One thing which I don't like about reactive notebooks is that you have to be much more mindful of expensive and long running calculations. There are feature to help, like adding a run button, but often I end up just disabling auto-run which does reduce the value of the reactive flow. For those use cases I don't find myself using marimo over Jupyter.

I think the entire marimo team deserves a shoutout, the quality of the software is excellent, they've moved very quickly, and they have been very receptive to issues and feature suggestions.

akshayka•6mo ago
Thanks for the shoutout!

We're committed to having an excellent experience for working with expensive notebooks [1]. At least for my own personal work, I find that there are many reasons to use marimo even when autorun is disabled — you still get guarantees on state, rich dataframe views, reusable functions [2], the Python file format, and more.
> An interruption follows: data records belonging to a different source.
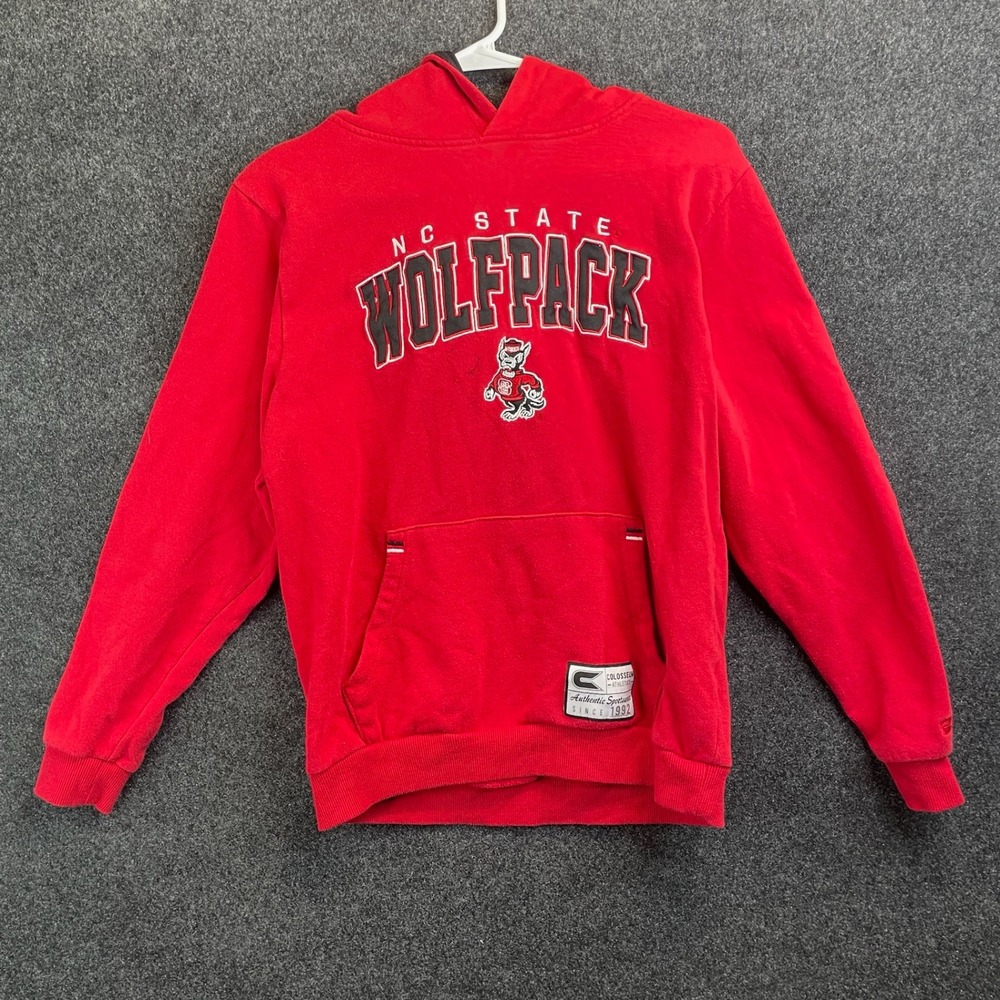 Colosseum NC State Wolfpack Mascot Graphic Hoodie Youth Large Red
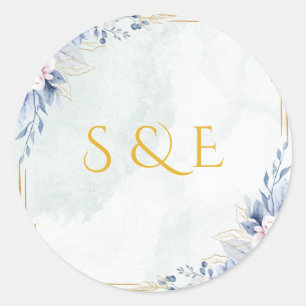 Eleganter staubblauer Blumen-Hochzeitsaufkleber Runder Aufkleber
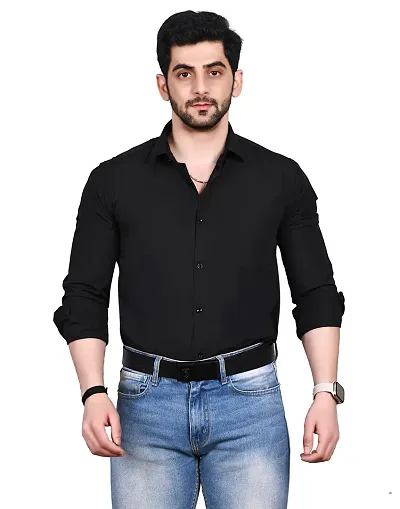 Stylish Black Cotton Solid Long Sleeve Shirt For Men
If you have feedback on how we might improve the experience, we'd love to hear it.

[1] https://docs.marimo.io/guides/expensive_notebooks/

[2] https://docs.marimo.io/guides/reusing_functions/

alyxya•6mo ago
I haven’t tried marimo, so I’m not sure how it currently works, but I think instead of disabling autorun for slow and expensive computations, it sounds like it would be nicer if there were heuristics or benchmarks to automatically determine what might be slow and then execute things in varying orders lazily.
philsnow•6mo ago
As an outsider to the whole notebook ecosystem, I am absolutely gobsmacked that the representation of the notebook makes it possible to have out-of-date intermediate results. Haven't they been around for like 10+ years?

This is one of those things that is blindingly obvious to people in adjacent sectors of the industry, but maybe there just hasn't been enough cross-pollination of ideas in that direction (or in either direction).

jcheng•5mo ago
For as long as there have been Jupyter notebooks, there have been people saying "Wait, what??" But there have been way more people using them, and finding them pretty effective despite their inherent lack of soundness.

I personally fall into both camps--both horrified at the execution model but also, it's not actually caused problems for me as it's second nature to restart the kernel when changing upstream cells.

That said, marimo feels like a significant step forward and I'm rooting for them to succeed.

createaccount99•6mo ago
Based on the title, I was expecting a flow editor GUI, actually.